In this sense, to respond to all the problems above, the methodology of measuring GFP is another way to determine feasible cells, once the dead ones will not express GFP. Through the GFP measurement methodology, the Measurement Committee wants our help to answer the following question:
‘’Can we reduce lab-to-lab variability in fluorescence measurements by normalizing to absolute cell count or colony-forming units (CFUs) instead of OD?‘’
In order to help on the achievement of this goal, Team USP-EEL-Brazil participeted on the Interlab Study, following the standart protocol and sendding the results to iGEM's Measurement committee.
Materials and Methods
For the experiments, we followed the InterLab's Plate Reader and CFU Protocol.
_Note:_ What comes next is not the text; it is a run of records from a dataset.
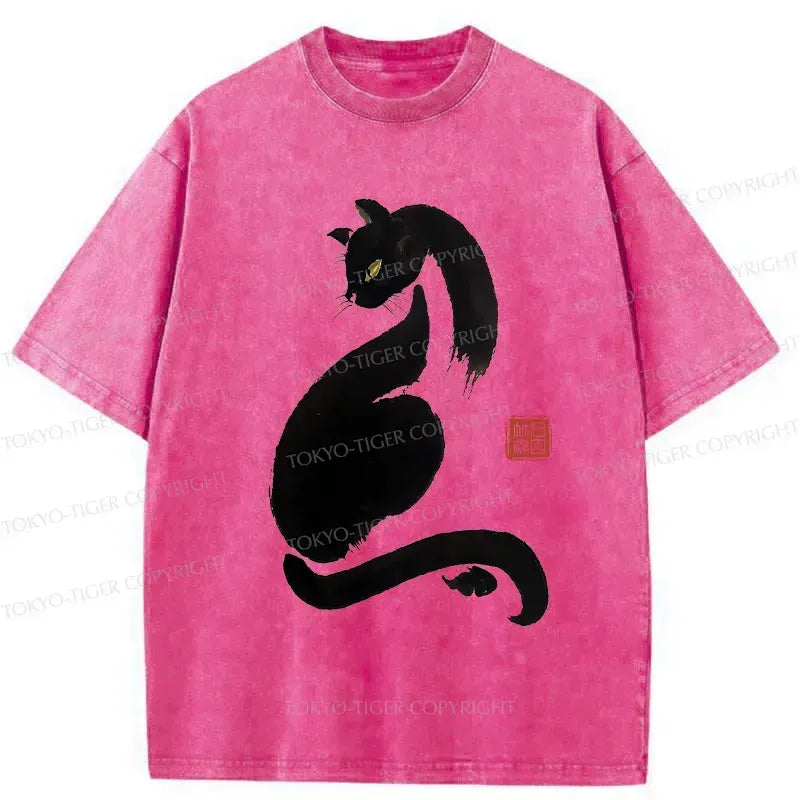 Kyoto-Lion Elegant Black Cat Japan Washed T-Shirt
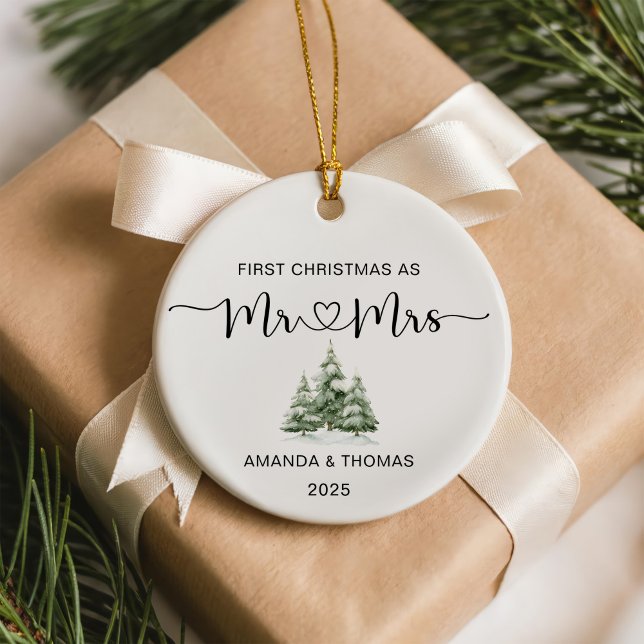 First Christmas Mr and Mrs Wedding Ceramic Ornament (Creator Uploaded)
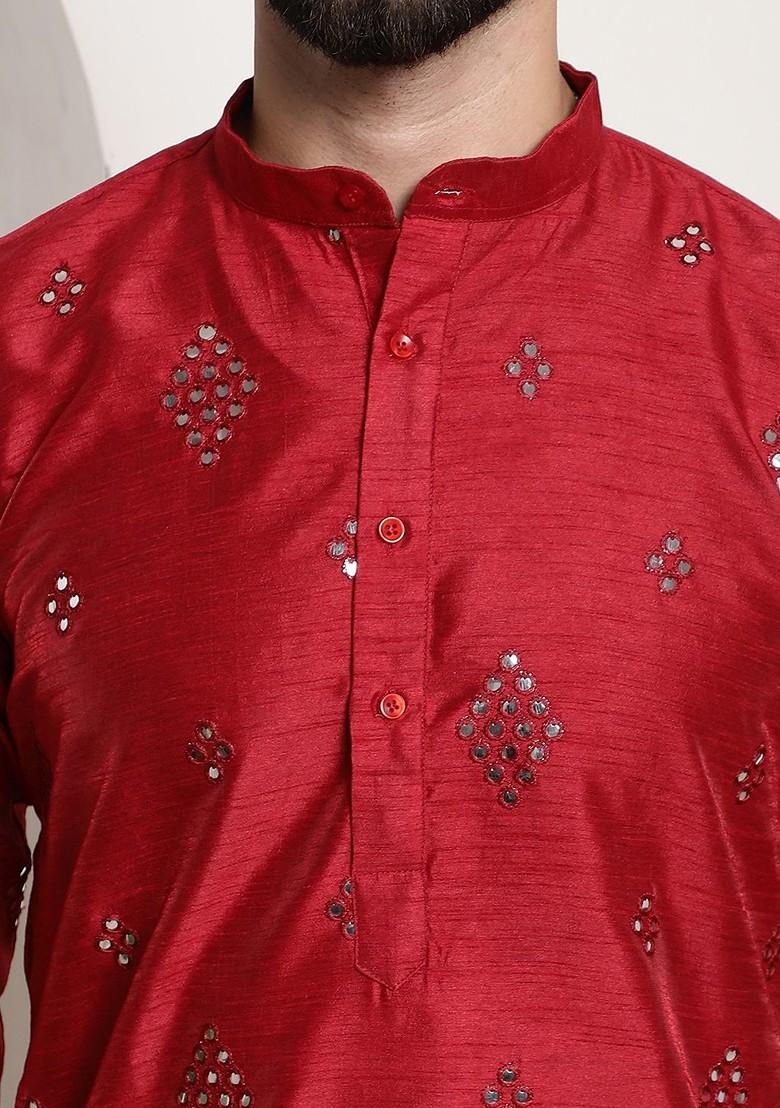 Red Mirror Work Poly Blend Kurta For Men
Equipment used for measurements: TECAN INFINITY M200 PRO
Plate used for measurements: Corning® Costar Clear Polystyrene 96-Well Plates
Results
The InterLab study took us longer than we expected. First of all, we have to re-do the protocols, we suspected that the cells we used were not DH5α as it was supposed to be. We had a partner lab from our university to lend it to us, after obtaining a new DH5α strain we could re-do the procedure and then we got positive fluorescence results. At first, we weren't able to notice any difference between the blank sample and the positive control samples. With the different new strain, we could notice de the difference. Also, we had problems transforming the devices from plate 7, they didn't grow or they didn't exhibit fluorescence, so we had to re-do all the transformations using the devices from plate 6. There were a few colonies that didn't grow well, and we believe that didn't help our final results where there are samples with negative fluorescences (less fluorescence than the blank).